Klasik Yeşilçam filmlerinde olduğu gibi gururlu fakir gencin, zenginlerin hayatına girip onlara ders verdiği hikâyelerden çok başkadır bu film; sadece yoksulluk vardır, zengin zalimler ve değişmeyen gariban hayatlar… “Şu garibanlığa lanet olsun!” der durursunuz film boyunca.
Ertem Eğilmez ustanın ve senaryo yazarı Sadık Şendil’in bu filmde bize yaşattığı tarif edemediğimiz keder, bir daha çok az filmde çıkmıştır karşımıza. Burada en büyük etki ise tartışmasız Cahit Oben imzalı film müziğidir. Filmi izlememiş olsanız bile bu müziği duyduğunuzda içinizi keder kaplar; yoksulluğu, yalnızlığı hemen hissedersiniz.
Anlatacağım sahne ise filmin final sahnesi. Sonunda Murat ve Halit Kahraman’a istedikleri televizyonu alabilmek için her şeyi göze alırlar. Bir dükkândan televizyon çalarlar. Yaptıklarının sonucunu düşünmezler bile. Çok mutludurlar. Koşa koşa eve giderler. Murat Kahraman’a seslenir, ses gelmez, endişelenir. Biz de endişeleniriz tabii. Film boyunca her “Kahraman” diye seslendiklerinde cevap gelmeyince olduğu gibi… O küçük adama bir şey oldu diye korkarız. Sonra yanına giderler. Kahraman, uykusunda yatakta döner. Bir iç çekeriz. Halit’le Murat televizyonu kurmaya başlarlar. “Televizyonu kuralım öyle uyandırırız.” derler. Televizyonun karşısında bir de yer hazırlarlar Kahraman’a, rahat izlesin diye. Televizyonda bir çizgi film vardır. Karga çıkar karşımıza. Sanki ölümün habercisi gibidir… Yine de umutluyuz, mutluyuzdur. Son isteği gerçek olacaktır. Murat, Kahraman’ın odasına girer ve onu uyandırmaya çalışır ama bu sefer o korktuğumuz sona gelmişizdir. Bu filmde mutlu son yoktur. Kahraman’ın o küçücük bedenini kucaklar, gözlerinde yaşlarla kardeşine sarılır Murat. Biz de gözlerimiz yaşlı “Neden uyandırmadınız ki?” diyerek o küçük cansız bedenin masumluğuna bakar kalırız ve yoksulluğa ağır bir küfür ederiz. “Kaç para ulan bir çocuğun son arzusu?”

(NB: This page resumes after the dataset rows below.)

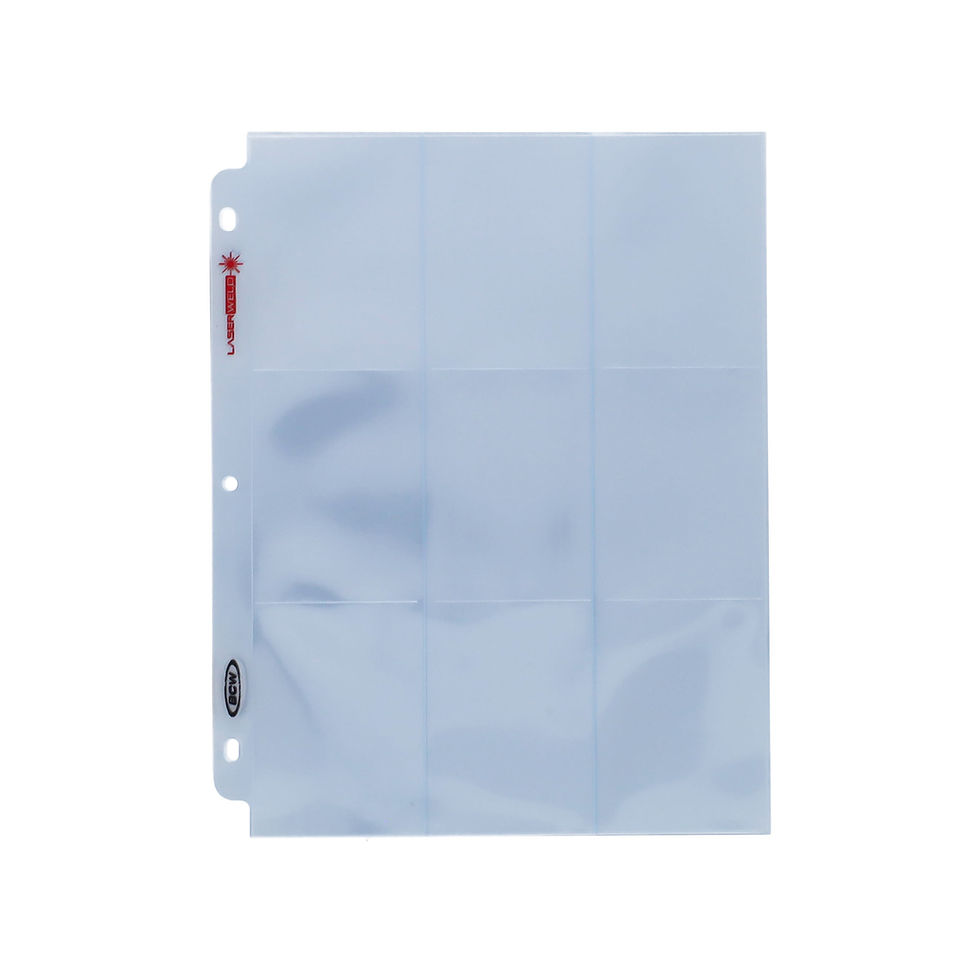 Thumbnail: BCW LaserWeld® 9-Pocket Page - Top Load (50 CT. Pack)
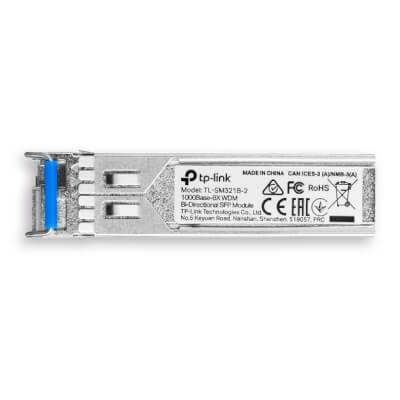 Module SFP Mono simplex LC WDM 1310TX/1550RX 10km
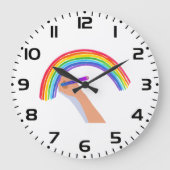 スケッチAレインボー ラージ壁時計 (正面)
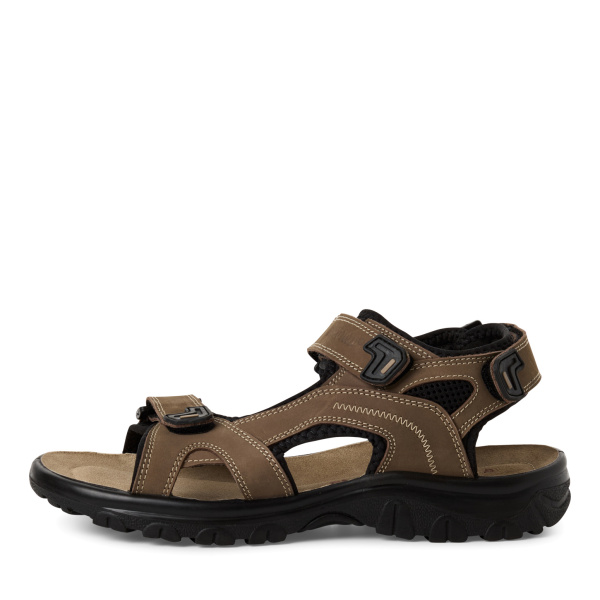 Фото Шлепанцы  Marco Tozzi  хаки  кожа F-400826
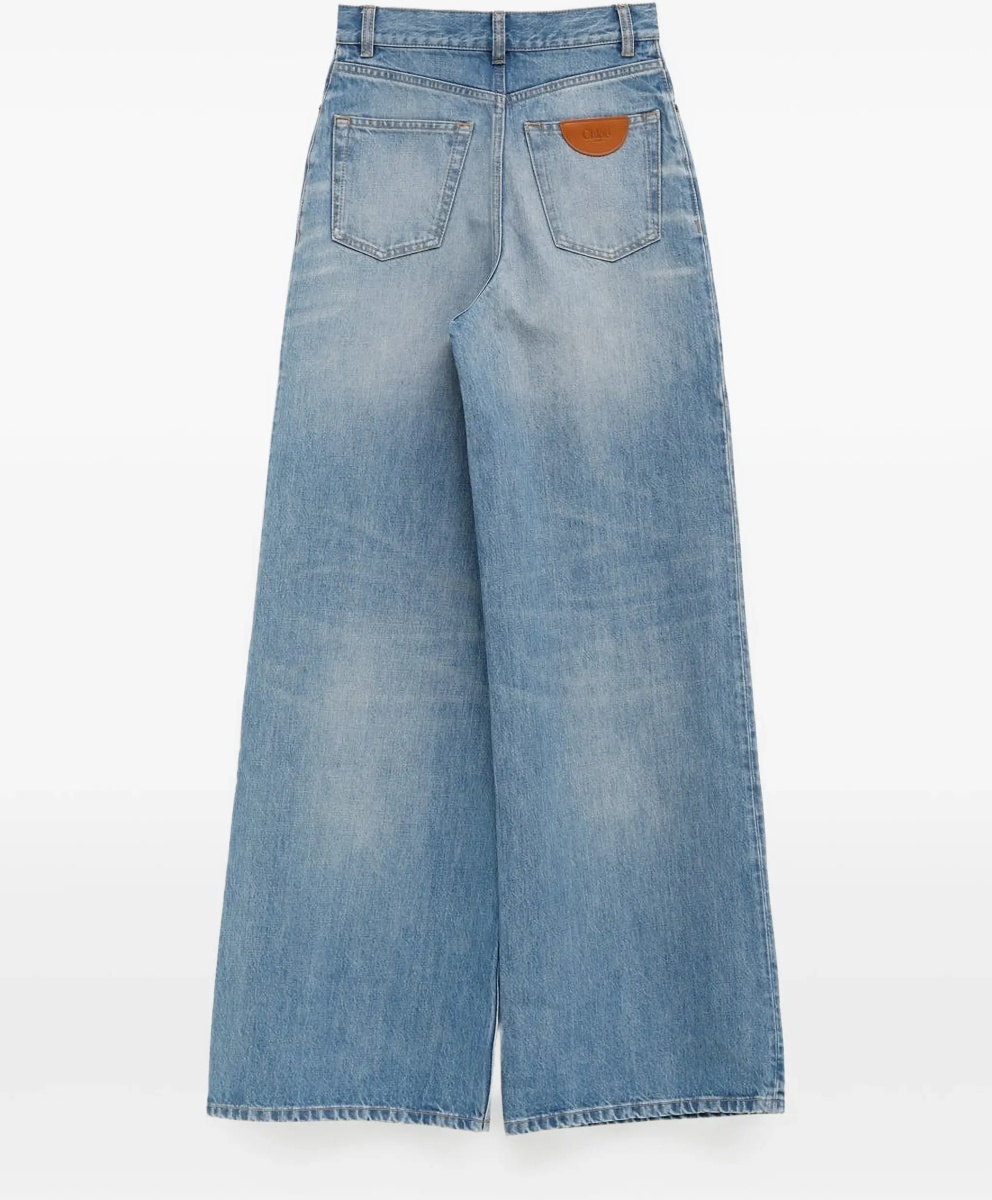 High-Rise Wide-Leg Jeans - Img 2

*Metin Türköz’ün Alamanya şarkısıdır https://www.youtube.com/watch?v=0Ck_J0BYqY0
*******
Küçük İskender’in Kahraman Kıral’a ithafen yazdığı akrostiş şiiri.

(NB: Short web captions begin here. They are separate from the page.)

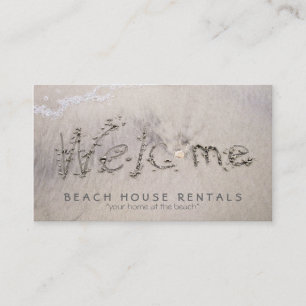 Beach House Welcome Business Card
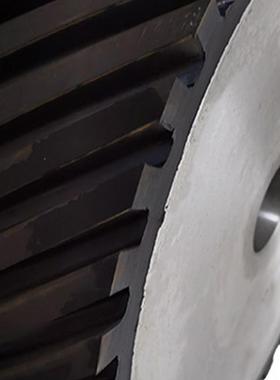 孔胶轮适带机BMO胶轮抛光磨机专用胶轮高耐抗砂撕裂精准配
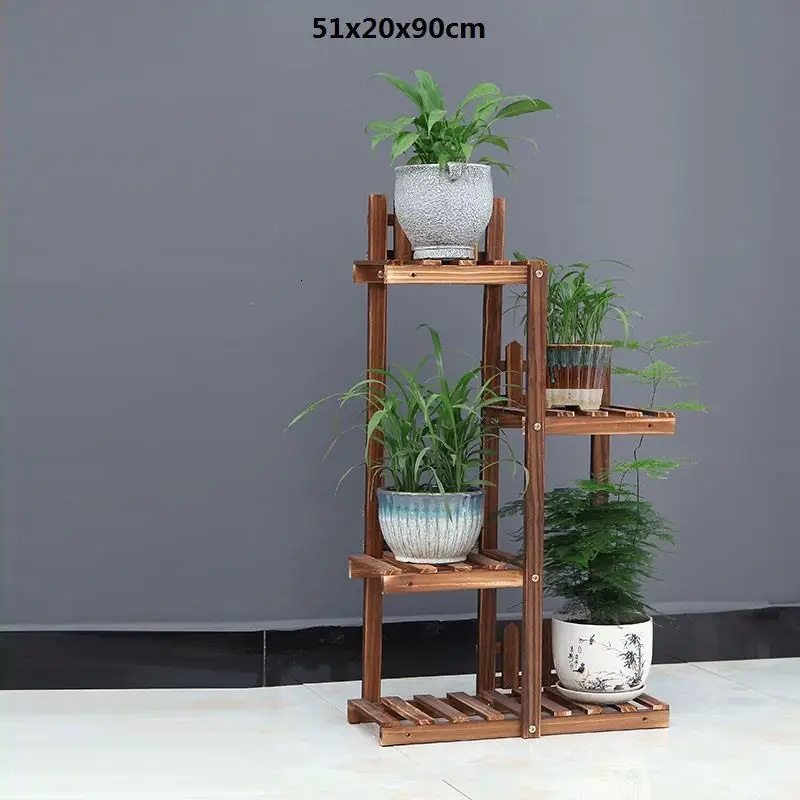 Version I Madera Saksi Standi Estante Para Plantas для плантенрекен горшок Stojaki Na Kwiaty открытый стенд балкон Цветочная полка для растений - Цвет: Version I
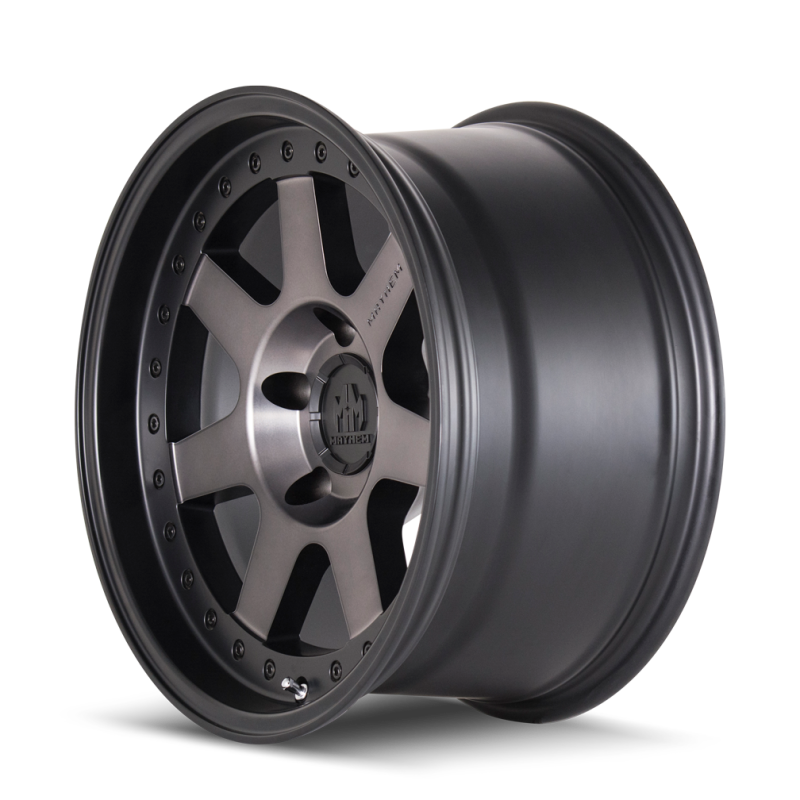 Mayhem 8300-2978TM 8300 Prodigy 20x9 / 8x180 BP / 0mm Offset / 130.8mm Hub Matte Black w/ Dark Tint Wheel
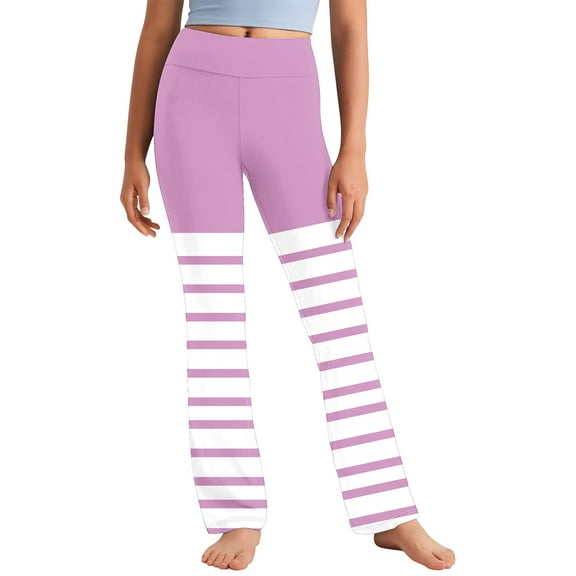 Bnwani Leggings for Kids Girls Fashion High Waist Elasticity Straight Cute Sweet Printed Multicolor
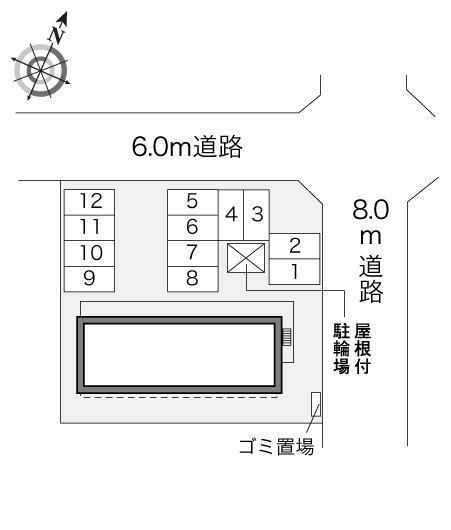 沼ノ端(29386)の駐車配置図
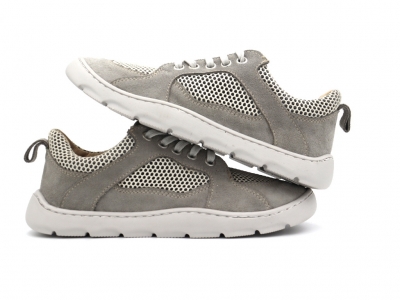 Pantofi sport copii Lui Kids, cod 3A1087, seria NETT, gri, piele naturala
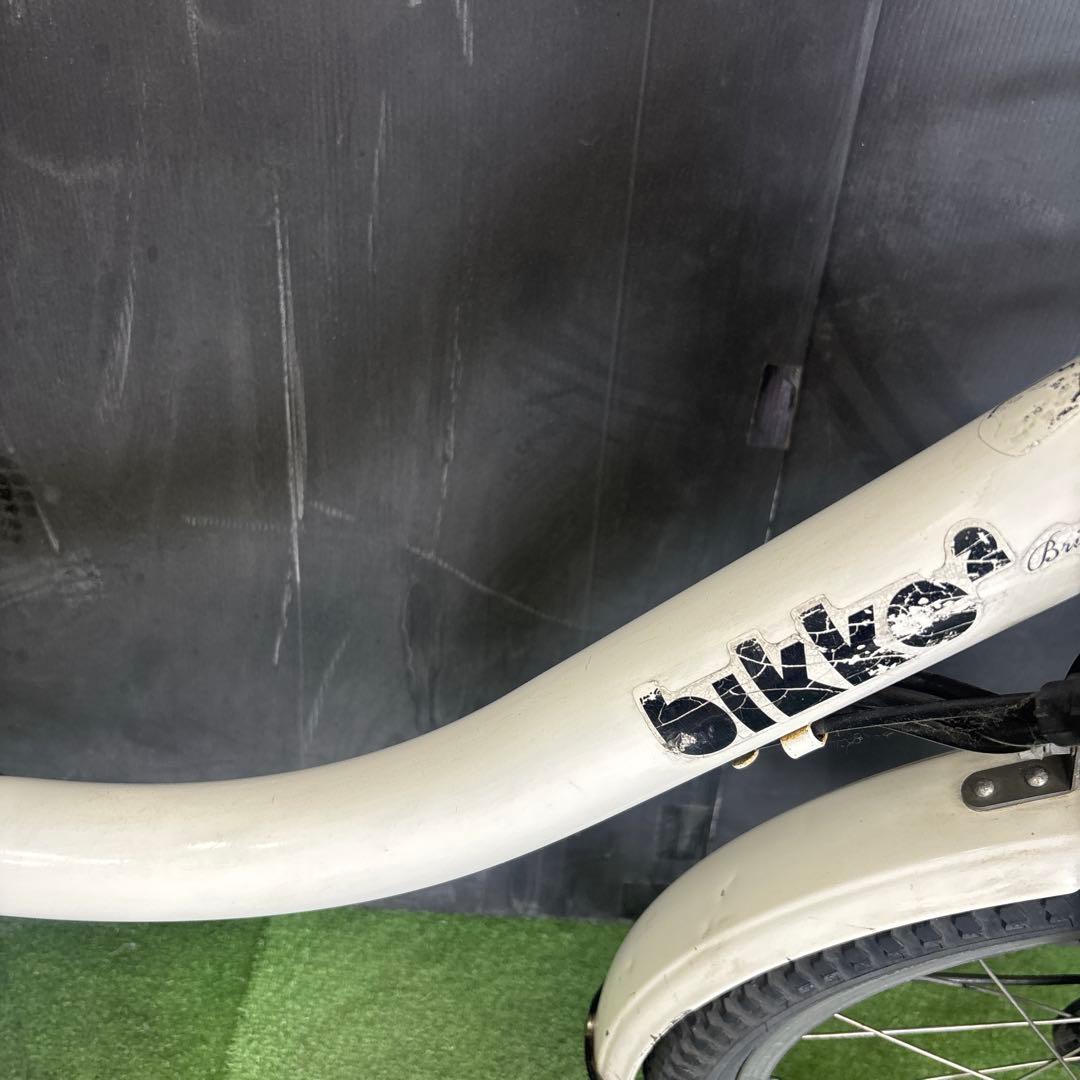 電動自転車 BS bikke2 ホワイト 3人乗り対応　6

kapatılmış bir sinema salonudur ağzım;
ağladığım için boğulmuş aktristlerin arasından
her zaman bir bisiklet geçer / gidonu sevgilimin
rüyada iki yana açılmış kolları!
aslında hiçbir filmde başrol oynamadı yalnızlığım!

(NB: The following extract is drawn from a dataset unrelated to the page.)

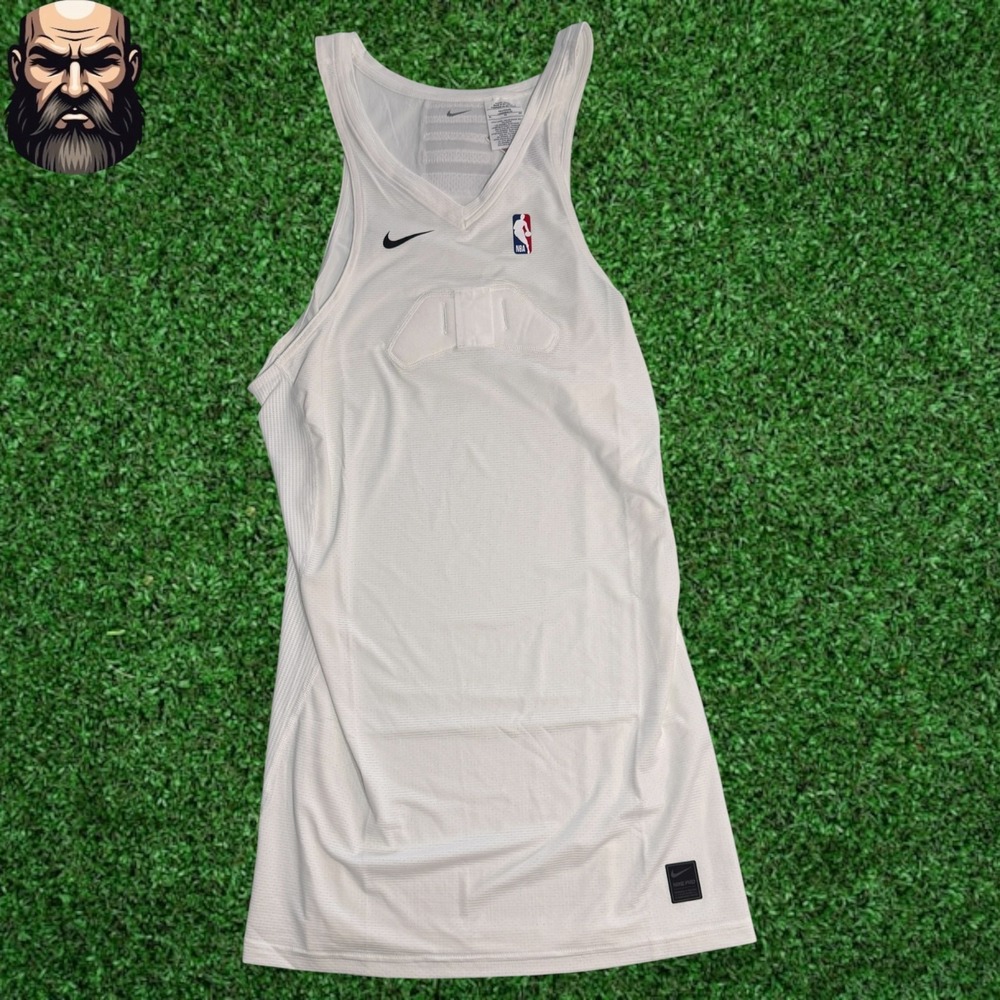 Nike Pro NBA Player Issue Training Tank Top White 880805-100 Men's Size XL-Tall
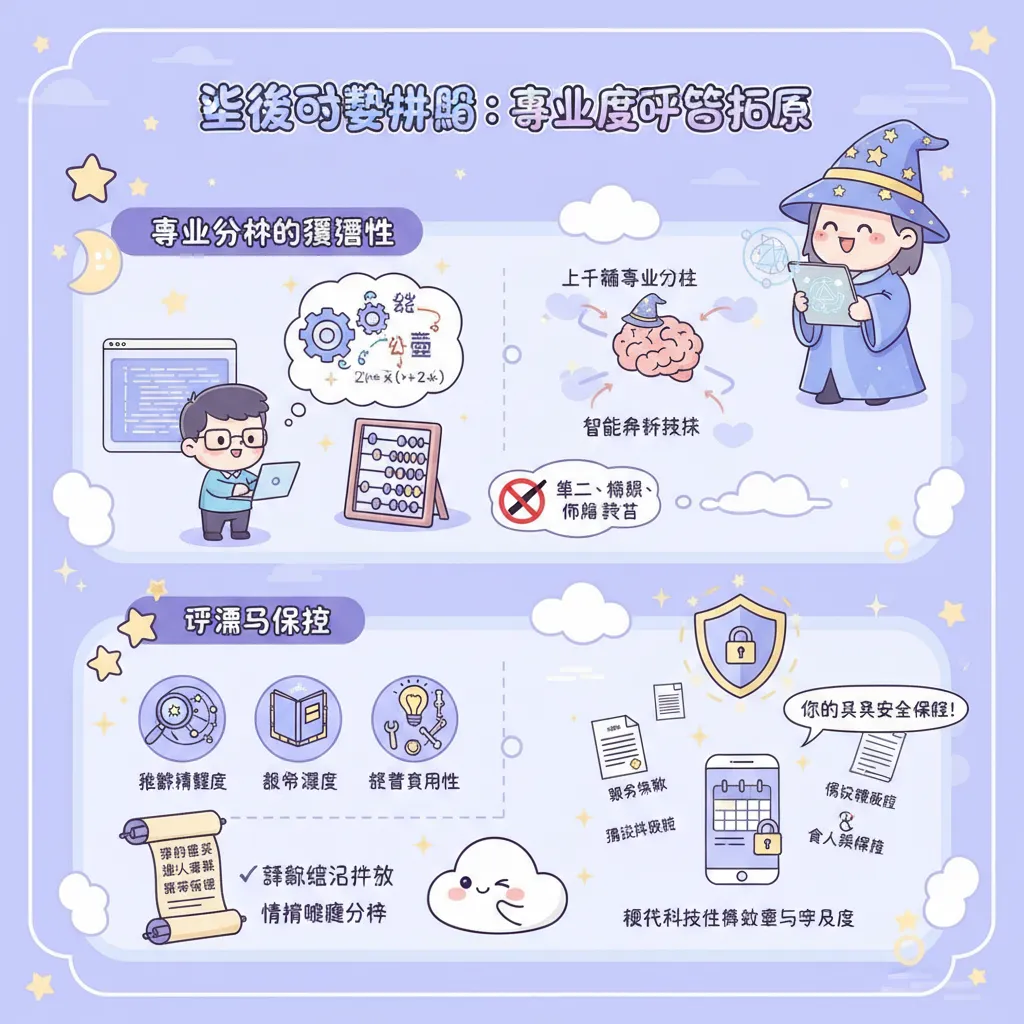 命理推算的專業性與評估標準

mamafih, suya rolünü ezberleten
acımasız bir yönetmen gibiydi aşkım!
nerede ‘kamera’ dedi, nerede ‘stop!’; anlamadım!
kapatılmış bir sinema salonudur ağzım;
rahatsız etmemek için set çalışanlarını
adımı cast’tan, sahnemi klaketten sildim
lanetli bir çocuk gibi kendi dublörüme ağladım!